Transmission, action !
Le rappeur revient sur la réalisation de «Cités», la première série TikTok (diffusée à partir de ce vendredi) autour du patrimoine et de la jeunesse.
Poétiser les réseaux sociaux, voilà le nouveau défi que s’est lancé Abd Al Malik. Pour cela, il a écrit et réalisé Cités, la première série 100 % TikTok (en partenariat avec Amazon Prime Video France), diffusée à partir de ce vendredi sur le réseau social, et qui met en lumière les connexions entre le patrimoine culturel français, Albert Camus, George Sand ou Paul Eluard, et la jeunesse. Résonances contemporaines, liens entre poètes d’autrefois et rappeurs d’aujourd’hui… L’artiste a répondu aux questions de 20 Minutes.
Comment est né ce projet de minisérie pour TikTok ?
TikTok est venu me voir avec l’idée de raconter une histoire via ce réseau social.
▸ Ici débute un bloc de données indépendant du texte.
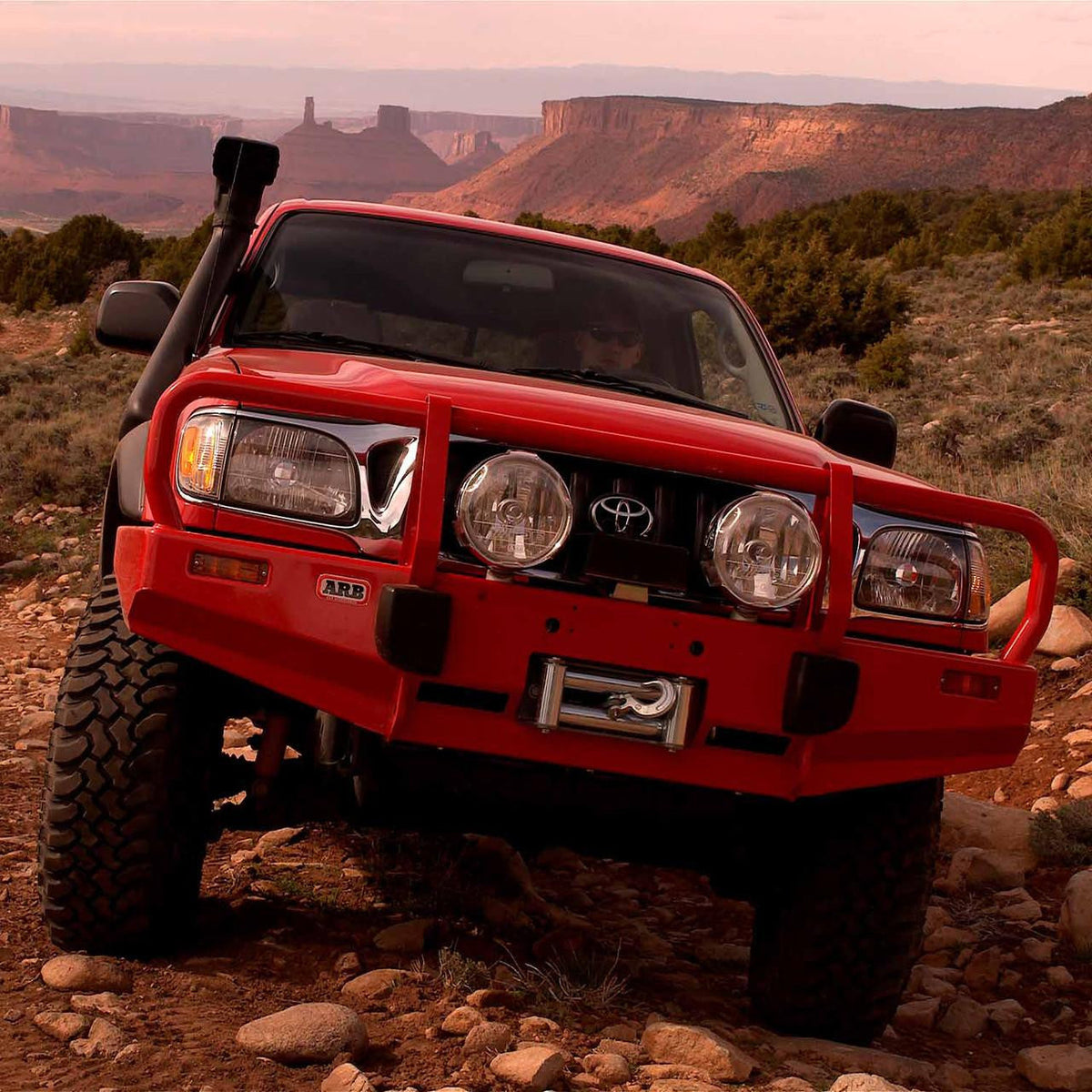 ARB Winch Bumper with Mounting Kit for 95-04 Toyota Tacoma Gen 1 | 3423020B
Je me suis dit que ce serait hyper intéressant de pouvoir faire une série avec le propre langage de ce réseau. Je me considère comme un lanceur de passerelles, un homme-pont. Dans les quartiers populaires où j’ai grandi, les rues portent les noms de grandes figures de l’histoire ou de la littérature. On est submergés par la culture, au sens positif du terme. Je me suis dit qu’il serait intéressant, par exemple, de mettre la rue Paul-Eluard en lien avec des gamins en train de freestyler. Il était un poète, et les poètes d’aujourd’hui sont les rappeurs. Rapper Paul Eluard, c’est comme si Paul Eluard écrivait son poème et le faisait lire à un confrère poète. L’idée est donc d’adapter, de mettre en lien comme ça.
En résumé, il s’agit de montrer que ce patrimoine culturel se marie à une culture dite « urbaine ». Et que ces cultures que, parfois, on oppose, sont loin d’être incompatibles...
Ce que vous dites, ce sont des mots. Les cultures « urbaines », on les appelait autrement hier et, demain, on leur donnera un autre nom. Ce qui est important est de dire ce qu’il y a derrière ces mots. Parfois, on a des clichés. C’est à nous d’essayer de changer de perspective. J’ai autant appris en écoutant IAM et NTM à la fin des années 1980 qu’en lisant Albert Camus ou Victor Hugo. Je vois des correspondances évidentes entre Baudelaire et des rappeurs. Notre fonction d’artiste est de faire prendre du recul. Et quand on prend ce recul, on se rend compte que ce n’est pas le chaos, mais l’harmonie. In fine, c’est juste de la transmission.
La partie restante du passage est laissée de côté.